Step 3: Create a Source in the Database¶

Finally, add a new record to your sources table. The provider column must match the key you registered in the factory.

Example SQL:

INSERT INTO sources (
    "key", "provider", "name", "feed_url", "language", "active", "created_at", "updated_at"
) VALUES (
    'example_rss_feed', 'simple-rss', 'Example Blog RSS', 'https://example.com/rss.xml', 'en', true, NOW(), NOW()
);

Step 4: Run the Ingestion¶

That's it! You can now run the ingestion for your new source.

docker compose exec api php artisan crawl:source example_rss_feed

5. Scraper Integration (Push/Pull)¶

The Labeeb Scraper service plays a crucial role in the ingestion pipeline by fetching and normalizing articles from external sources. It integrates with the API's ingestion module through two primary mechanisms:

Pull Mode (ScraperPullAdapter): In this mode, the API's CrawlOrchestrator initiates a scrape job on the Scraper service. The Scraper then fetches data and returns it to the API, which processes it through the ingestion pipeline. This is handled by the App\Ingestion\Adapters\ScraperPullAdapter.
Push Mode (ScraperPushAdapter): In this mode, the Scraper service autonomously fetches data and pushes it directly to the API's ingestion endpoint (/v1/ingest/articles). This is handled by the App\Ingestion\Adapters\ScraperPushAdapter, which acts as a no-op adapter within the API's discovery process, as the data is already being pushed.

All incoming articles, whether from pull or push mechanisms, are received by the App\Http\Controllers\IngestArticlesController at the /v1/ingest/articles endpoint (defined in api/routes/api.php).
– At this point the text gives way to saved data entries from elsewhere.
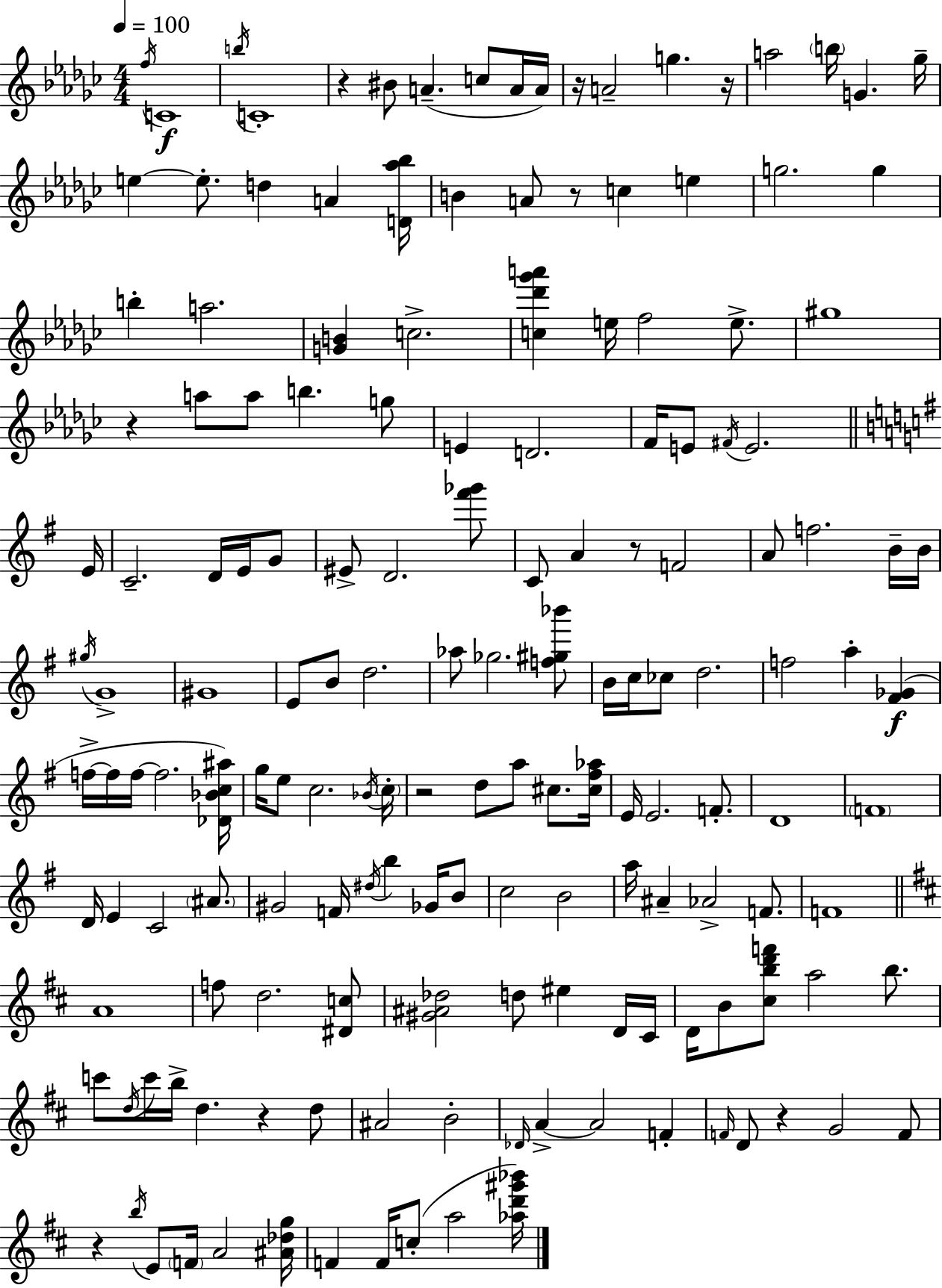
F5/s C4/w B5/s C4/w R/q BIS4/e A4/q. C5/e A4/s A4/s R/s A4/h G5/q. R/s A5/h B5/s G4/q. Gb5/s E5/q E5/e. D5/q A4/q [D4,Ab5,Bb5]/s B4/q A4/e R/e C5/q E5/q G5/h. G5/q B5/q A5/h. [G4,B4]/q C5/h. [C5,Db6,Gb6,A6]/q E5/s F5/h E5/e. G#5/w R/q A5/e A5/e B5/q. G5/e E4/q D4/h. F4/s E4/e F#4/s E4/h. E4/s C4/h. D4/s E4/s G4/e EIS4/e D4/h. [F#6,Gb6]/e C4/e A4/q R/e F4/h A4/e F5/h. B4/s B4/s G#5/s G4/w G#4/w E4/e B4/e D5/h. Ab5/e Gb5/h. [F5,G#5,Bb6]/e B4/s C5/s CES5/e D5/h. F5/h A5/q [F#4,Gb4]/q F5/s F5/s F5/s F5/h. [Db4,Bb4,C5,A#5]/s G5/s E5/e C5/h. Bb4/s C5/s R/h D5/e A5/e C#5/e. [C#5,F#5,Ab5]/s E4/s E4/h. F4/e. D4/w F4/w D4/s E4/q C4/h A#4/e. G#4/h F4/s D#5/s B5/q Gb4/s B4/e C5/h B4/h A5/s A#4/q Ab4/h F4/e. F4/w A4/w F5/e D5/h. [D#4,C5]/e [G#4,A#4,Db5]/h D5/e EIS5/q D4/s C#4/s D4/s B4/e [C#5,B5,D6,F6]/e A5/h B5/e. C6/e D5/s C6/s B5/s D5/q. R/q D5/e A#4/h B4/h Db4/s A4/q A4/h F4/q F4/s D4/e R/q G4/h F4/e R/q B5/s E4/e F4/s A4/h [A#4,Db5,G5]/s F4/q F4/s C5/e A5/h [Ab5,D6,G#6,Bb6]/s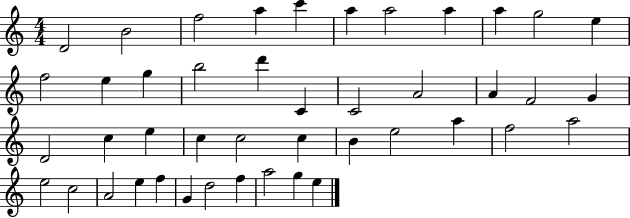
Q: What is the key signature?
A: C major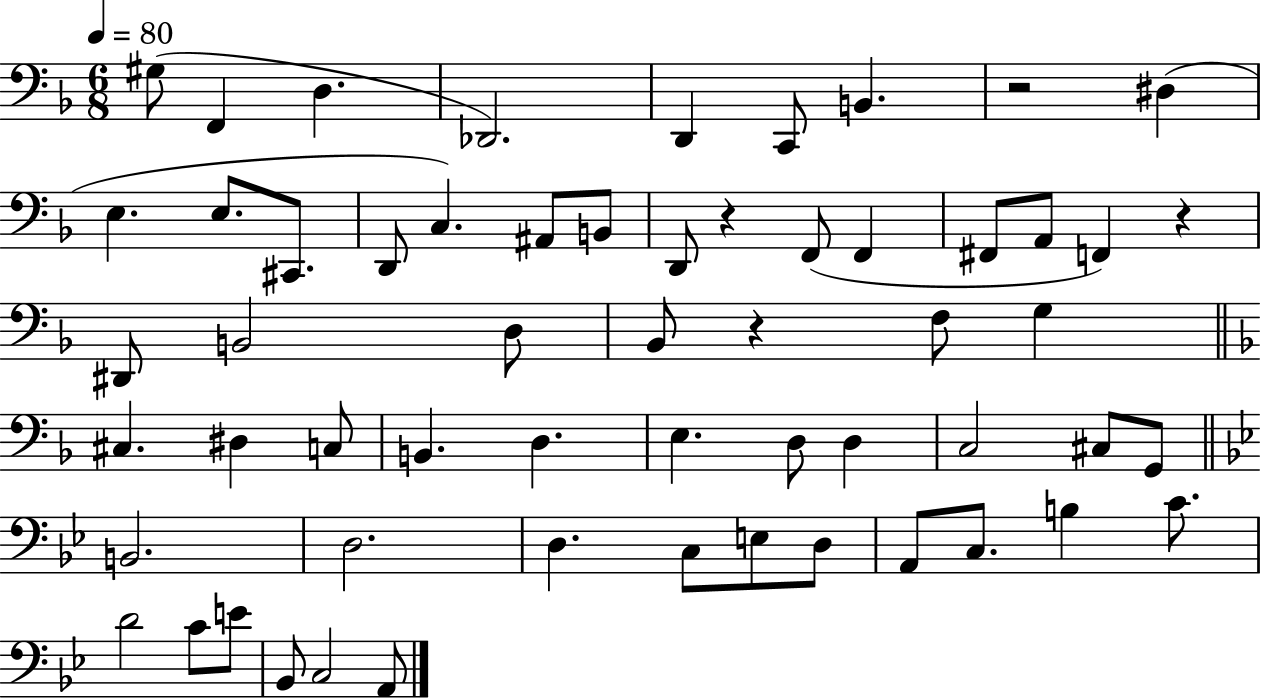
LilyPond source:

{
  \clef bass
  \numericTimeSignature
  \time 6/8
  \key f \major
  \tempo 4 = 80
  gis8( f,4 d4. | des,2.) | d,4 c,8 b,4. | r2 dis4( | \break e4. e8. cis,8. | d,8 c4.) ais,8 b,8 | d,8 r4 f,8( f,4 | fis,8 a,8 f,4) r4 | \break dis,8 b,2 d8 | bes,8 r4 f8 g4 | \bar "||" \break \key d \minor cis4. dis4 c8 | b,4. d4. | e4. d8 d4 | c2 cis8 g,8 | \break \bar "||" \break \key bes \major b,2. | d2. | d4. c8 e8 d8 | a,8 c8. b4 c'8. | \break d'2 c'8 e'8 | bes,8 c2 a,8 | \bar "|."
}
This controller is responsible for validating the incoming data and dispatching it for further processing.

For detailed information on the Scraper service's architecture, endpoints, and operational procedures, please refer to its dedicated documentation:

Scraper Service Documentation
Scraper Architecture
Scraper Endpoints
Scraper OpenAPI Specification
API Ingestion Endpoint OpenAPI Specification (for the receiving end)

6. Relations Enrichment Callback¶

Endpoint Overview¶

Endpoint: POST /ingest/relations
Authentication: Authorization: Bearer <INGEST_TOKEN> (same credential as /v1/ingest/articles).
Producer: AI-Box relations worker posting the RelationsPackage payload.
Purpose: Persist typed event–argument relations extracted by NLP Lab, while maintaining request-tracing metadata.
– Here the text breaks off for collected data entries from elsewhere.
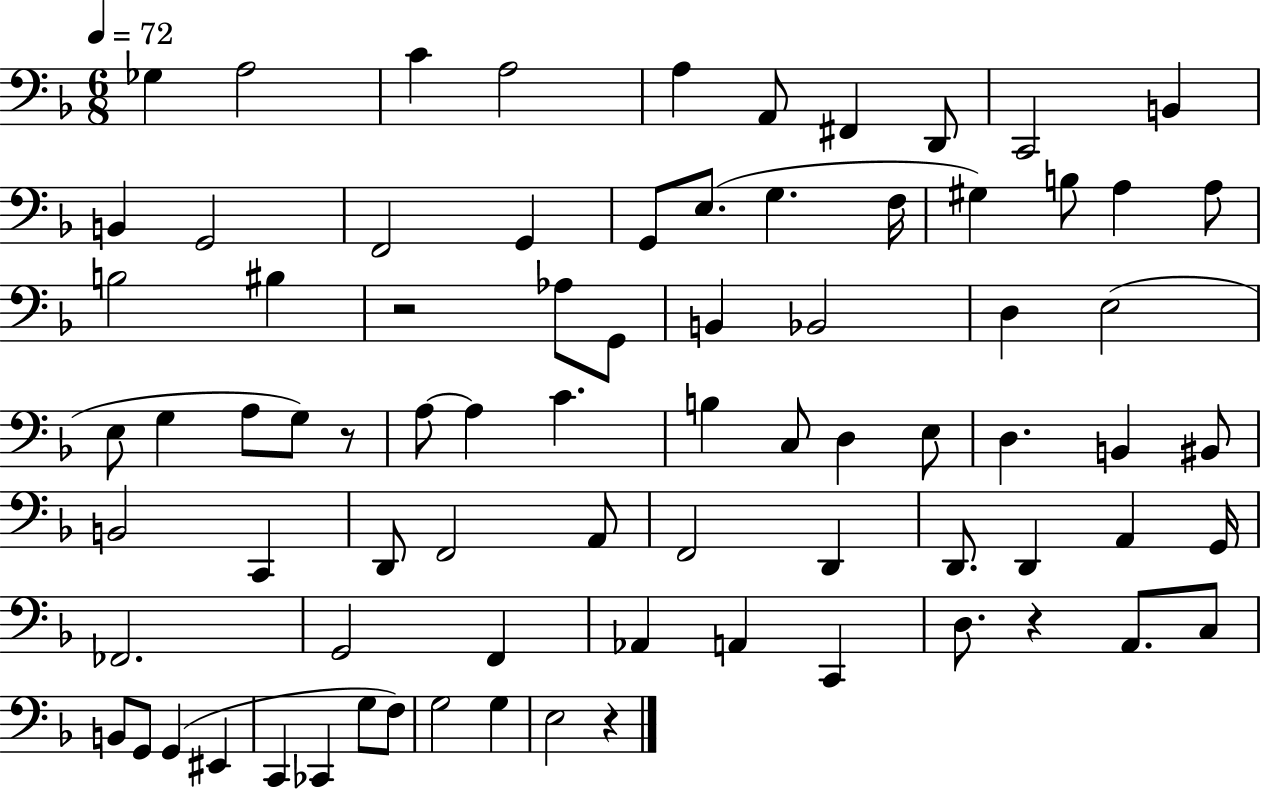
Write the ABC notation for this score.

X:1
T:Untitled
M:6/8
L:1/4
K:F
_G, A,2 C A,2 A, A,,/2 ^F,, D,,/2 C,,2 B,, B,, G,,2 F,,2 G,, G,,/2 E,/2 G, F,/4 ^G, B,/2 A, A,/2 B,2 ^B, z2 _A,/2 G,,/2 B,, _B,,2 D, E,2 E,/2 G, A,/2 G,/2 z/2 A,/2 A, C B, C,/2 D, E,/2 D, B,, ^B,,/2 B,,2 C,, D,,/2 F,,2 A,,/2 F,,2 D,, D,,/2 D,, A,, G,,/4 _F,,2 G,,2 F,, _A,, A,, C,, D,/2 z A,,/2 C,/2 B,,/2 G,,/2 G,, ^E,, C,, _C,, G,/2 F,/2 G,2 G, E,2 z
Request Contract (summary)¶

{
  "doc_id": "123",
  "lang": "ar",
  "task_version": "re-hadath-v1:model-x",
  "nlp_lab_version": "2.3.4",
  "enrichment_status": "ok | cached | timeout | error | skipped",
  "relations": [
    {
      "type": "hasAgent",
      "args": {
        "agent": "وزارة الصحة",
        "event": "أعلنت",
        "location": "غزة"
      },
      "confidence": 0.86,
      "offsets": {"start": 120, "end": 168}
    }
  ],
  "enrich_ms": 143
}

Persistence Rules¶

The controller validates the payload, propagates X-Request-Id, and stores the full package under article.raw.ai.relations along with raw.ai.re_rid.
When enrichment_status === "ok":
Existing article_relations rows are replaced with the new set, preserving sidecar-provided {start,end} offsets.
Entities referenced in relation arguments are upserted via EntityRepository, and their IDs are tracked in each row's meta.entities map.
article.raw.ai.ie.relations_summary is updated with type counts for fast reads.
For non-ok statuses, the payload is captured in raw.ai.relations but previously stored relations are left untouched; the API responds with 202 Accepted so upstream workers can retry later.

Observability¶

X-Request-Id is echoed for tracing across AI-Box, the worker, and the API.
Relation inserts participate in the existing Prometheus instrumentation via the ingestion service's database metrics.